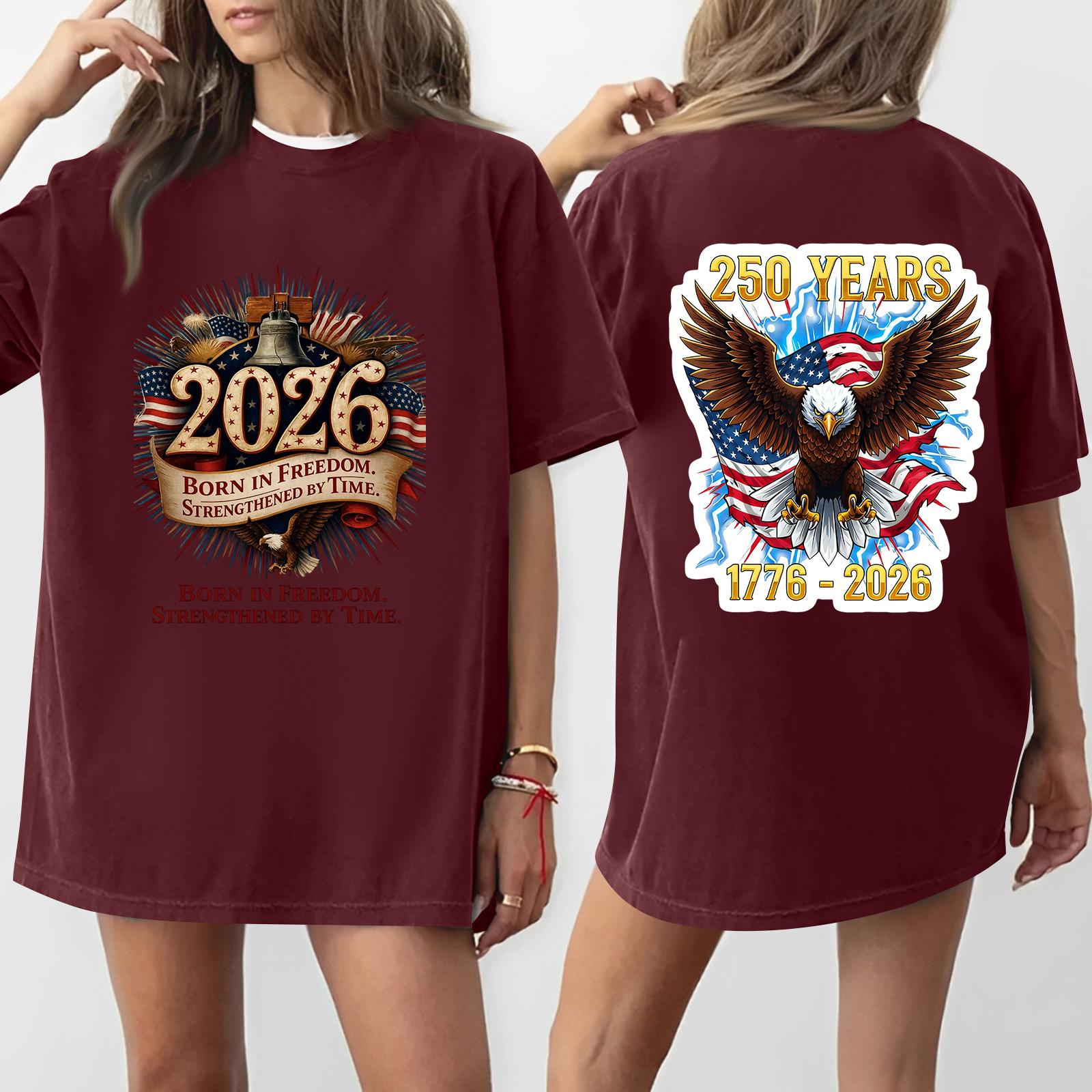 Women s Casual Independence Day 250 Anniversary Printed T-shirt Round Neck Pullover Short Sleeve Top S винний
Women s Casual Independence Day 250 Anniversary Printed T-shirt Round Neck Pullover Short Sleeve Top S винний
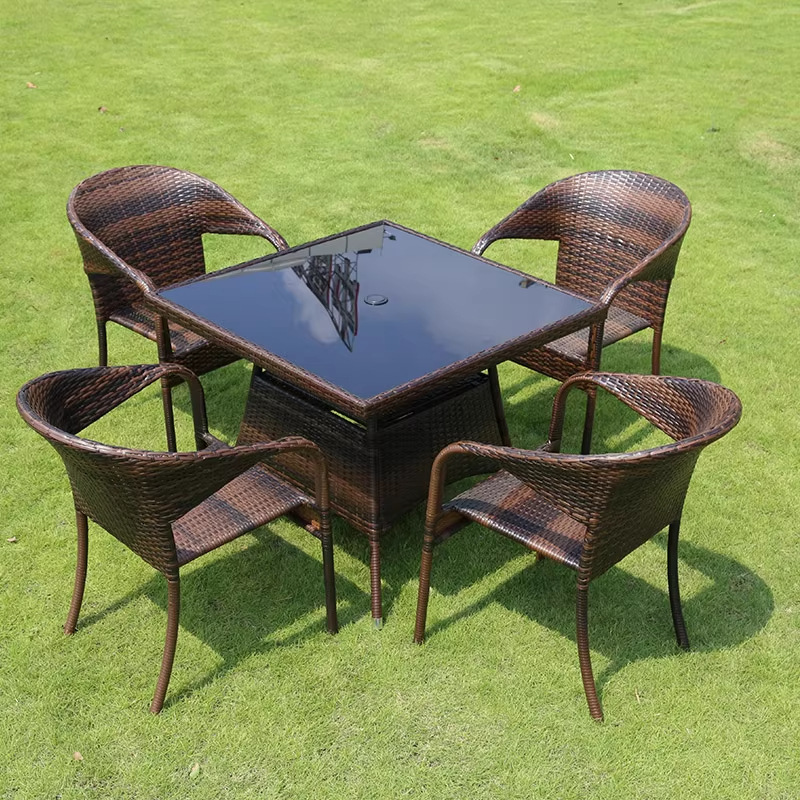 Mesa y silla al aire libre patio de caña tres piezas set terraza al aire libre balcón jardín ocio cabello de caña comedor combinación de mesa y silla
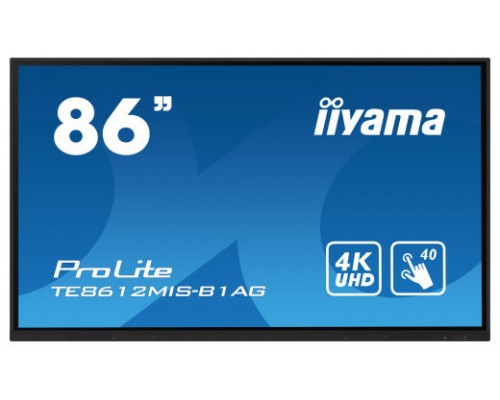 iiyama PROLITE Pantalla plana para señalización digital 2,18 m (86") LED Wifi 400 cd / m² 4K Ultra HD Negro Pantalla táctil Procesador incorporado Android 11 16/7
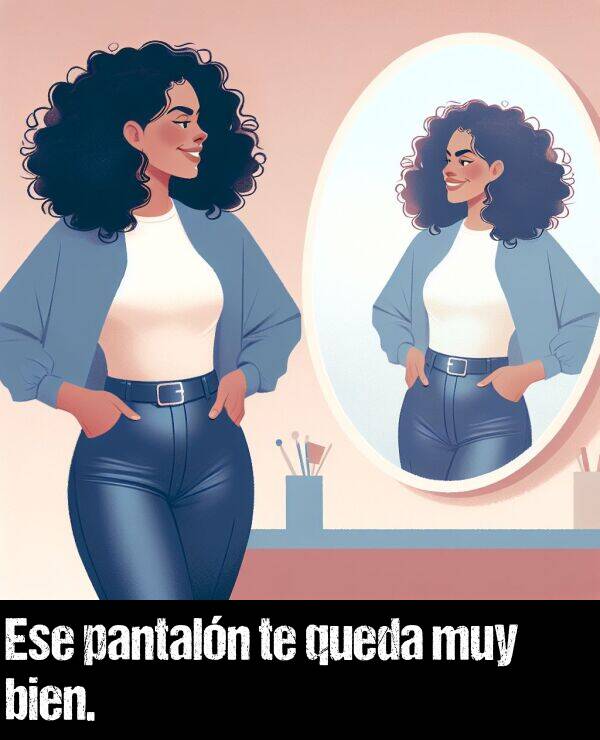 quedo: Ese pantaln te queda muy bien.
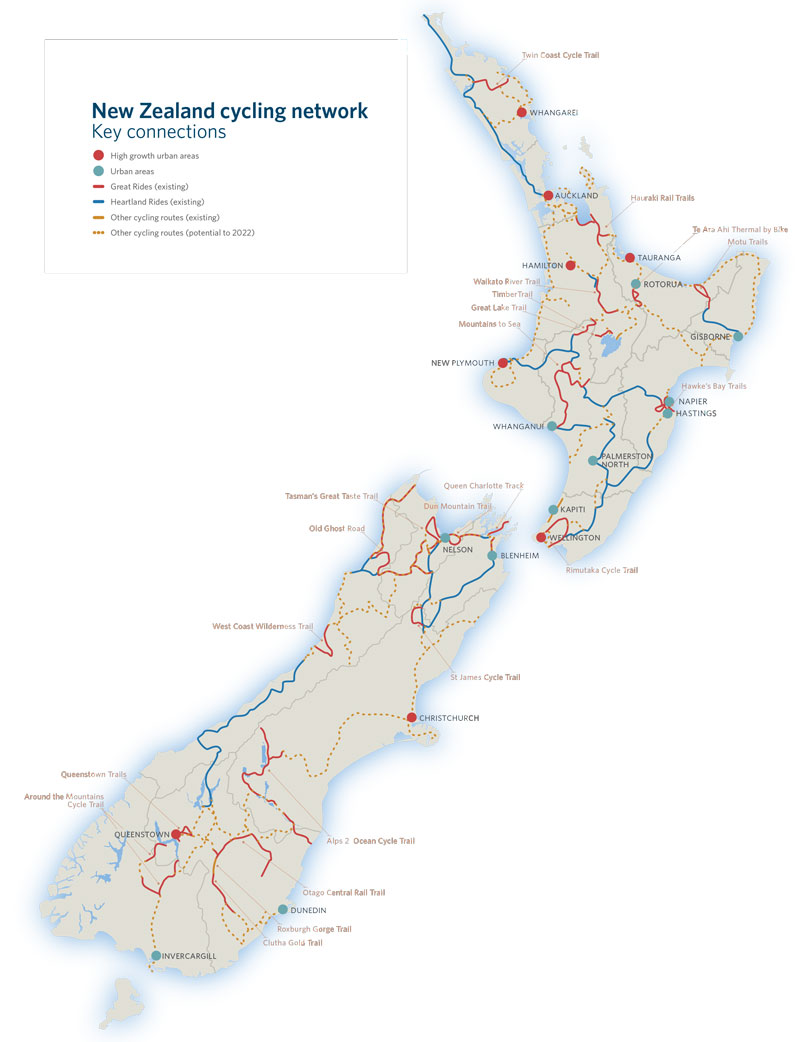 New Zealand cycling network key connections map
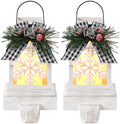Therwen 2 Pcs Christmas Stocking Holders Lantern, LED, Snowflakes, White by Therwen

######

Could you reproduce the listing above word for word while leaving out its pictures?

 Women s Casual Independence Day 250 Anniversary Printed T-shirt Round Neck Pullover Short Sleeve Top S винний
Women s Casual Independence Day 250 Anniversary Printed T-shirt Round Neck Pullover Short Sleeve Top S винний
 Mesa y silla al aire libre patio de caña tres piezas set terraza al aire libre balcón jardín ocio cabello de caña comedor combinación de mesa y silla
 iiyama PROLITE Pantalla plana para señalización digital 2,18 m (86") LED Wifi 400 cd / m² 4K Ultra HD Negro Pantalla táctil Procesador incorporado Android 11 16/7
 quedo: Ese pantaln te queda muy bien.
 New Zealand cycling network key connections map
Therwen 2 Pcs Christmas Stocking Holders Lantern, LED, Snowflakes, White by Therwen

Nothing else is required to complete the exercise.